As has been evident to me from writing this blog, and thrown into even sharper focus with the furore about the decision of the President in Re J 2013, there’s a counter opinion to that unspoken premise. There are plenty of voices saying that actually, we aren’t currently getting the core function of family justice (to achieve the right and fair outcome in cases) and that speeding up the process isn’t going to put that right.
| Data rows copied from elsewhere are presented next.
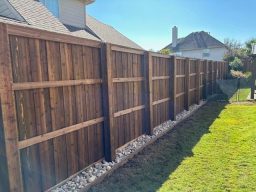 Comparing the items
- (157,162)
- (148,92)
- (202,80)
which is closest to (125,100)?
(148,92)

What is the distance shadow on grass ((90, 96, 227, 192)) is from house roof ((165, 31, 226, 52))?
28.5 m

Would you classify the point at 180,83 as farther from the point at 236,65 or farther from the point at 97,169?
the point at 236,65

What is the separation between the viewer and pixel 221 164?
423 cm

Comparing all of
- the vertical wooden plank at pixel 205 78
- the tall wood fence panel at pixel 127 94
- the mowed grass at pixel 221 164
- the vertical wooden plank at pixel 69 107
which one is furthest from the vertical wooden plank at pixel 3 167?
the vertical wooden plank at pixel 205 78

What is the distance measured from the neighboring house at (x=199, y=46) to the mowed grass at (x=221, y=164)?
28078 mm

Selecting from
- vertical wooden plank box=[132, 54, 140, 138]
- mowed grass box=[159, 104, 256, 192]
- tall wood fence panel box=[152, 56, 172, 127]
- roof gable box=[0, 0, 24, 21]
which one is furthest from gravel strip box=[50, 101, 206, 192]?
roof gable box=[0, 0, 24, 21]

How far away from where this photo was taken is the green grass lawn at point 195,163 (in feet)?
11.4

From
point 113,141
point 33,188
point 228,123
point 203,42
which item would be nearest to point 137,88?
point 113,141

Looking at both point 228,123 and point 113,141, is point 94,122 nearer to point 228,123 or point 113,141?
point 113,141

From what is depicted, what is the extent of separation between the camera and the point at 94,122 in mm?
3908

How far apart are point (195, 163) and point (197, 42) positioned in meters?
32.4

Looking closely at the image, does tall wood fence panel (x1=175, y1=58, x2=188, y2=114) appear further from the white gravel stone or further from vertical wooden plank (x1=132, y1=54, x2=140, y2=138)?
the white gravel stone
Now, I happen to believe that in the overwhelming majority of cases, if one looked at them independently, they would be achieving the right and fair outcomes. One can’t realistically expect a parent who loses their child to feel anything other than hurt and aggrieved and devastated. You’re not ever going to reach a system whereby every parent nods at the end of the case and says “Yeah, that was a fair cop”, but are those who speak out about the system just parents who haven’t come to terms with an awful and painful (but objectively fair decision) or are they actually as they report, the victims of injustice? Are even some of them?

 

I don’t mean do social workers sometimes make mistakes? Of course they do. All professions make mistakes. I mean, do we have confidence that the system we have in place – which gives the parents the chance to see the evidence against them down on paper, to see all relevant records, to have free legal advice, to question witnesses who accuse them of things, to call their own witnesses to support them, and all of that being determined by a Court who are unbiased and fair and start from the principle that children ought to be at home with parents if at all posible – does that system, catch the times when social workers have got it wrong, have come to a conclusion that might not be the best for the child?
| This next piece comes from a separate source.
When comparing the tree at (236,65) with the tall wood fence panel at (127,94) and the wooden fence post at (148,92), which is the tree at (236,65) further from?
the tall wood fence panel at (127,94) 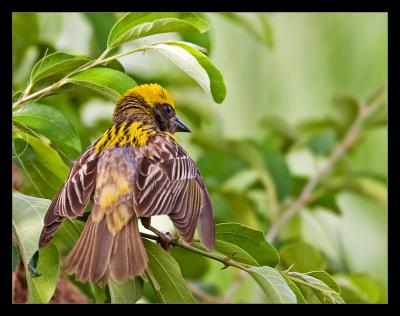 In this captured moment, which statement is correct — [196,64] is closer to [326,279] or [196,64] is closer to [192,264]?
[326,279]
I personally believe and hope that our system does that, but it doesn’t really matter what I believe and hope. We deal in evidence.  When the State is given power by the Government, to make recommendations about whether children should live with families, or be adopted, and where the Court is given power by the Government to make the decisions about whether those recommendations are correct; we need to remind ourselves that those powers are exercised in the name of the public, and it is therefore essential that the public have confidence that a system is in place that whilst individual errors might sneak through from time to time, is not inherently flawed or failing.

 

This is a debate which needs to take place. Not just ‘how can we do it cheaper, how can we do it faster’   – but is the system strong enough to get things right and learn from those cases where mistakes are made?  It was very easy in Re J to allow criticism of social workers to take place in the public domain, but did the Court really “own” their own decision-making? That child was removed, and remained in foster care because the Court decided so. The LA ask for the orders, but the Court decide whether or not to make them. If there’s blame there  (and we really don’t know about Re J, because no information about the case is in the public domain) part of that blame rests with the Court too.
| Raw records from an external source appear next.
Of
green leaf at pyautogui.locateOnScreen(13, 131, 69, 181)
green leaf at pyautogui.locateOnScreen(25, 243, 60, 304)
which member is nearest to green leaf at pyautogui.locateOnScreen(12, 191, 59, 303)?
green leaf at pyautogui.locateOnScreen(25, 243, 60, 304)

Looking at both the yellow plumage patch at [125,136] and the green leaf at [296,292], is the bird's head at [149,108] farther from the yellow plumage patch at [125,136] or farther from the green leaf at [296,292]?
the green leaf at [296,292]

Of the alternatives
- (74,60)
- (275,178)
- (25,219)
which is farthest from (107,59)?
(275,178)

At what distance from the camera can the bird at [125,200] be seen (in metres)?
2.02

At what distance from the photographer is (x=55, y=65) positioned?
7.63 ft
With that in mind, I can see why the President is in favour of greater transparency, both in his plans to publish anonymised judgments as a matter of routine and in the RE J case of allowing criticisms of the system in language that might seem emotionally loaded to remain in the public domain (so long as the identity of the child remains secret). In doing so, an awful lot changes, and as yet, we don’t know how much will change and in what ways. As the ruler of China said about his thoughts on the French Revolution “It is too early to say”

 

With these changes, the 26 week timetable, the financial pressure on family law solicitors and the prospect of more and more advice deserts spreading across the country, these are watershed moments for family justice.  I’ve seen in a relatively short few years, cases move from the occasional parent being a heavy cannabis smoker to large proportions of cases being about heroin and crack addiction; I’ve seen the internet move from dial-up and “Page not found” – effectively a slower form of Ceefax, to becoming a fixture in most people’s lives, somewhere that can make publishers, documentary makers, journalists of almost anyone who chooses to be one. The times, they are a changing.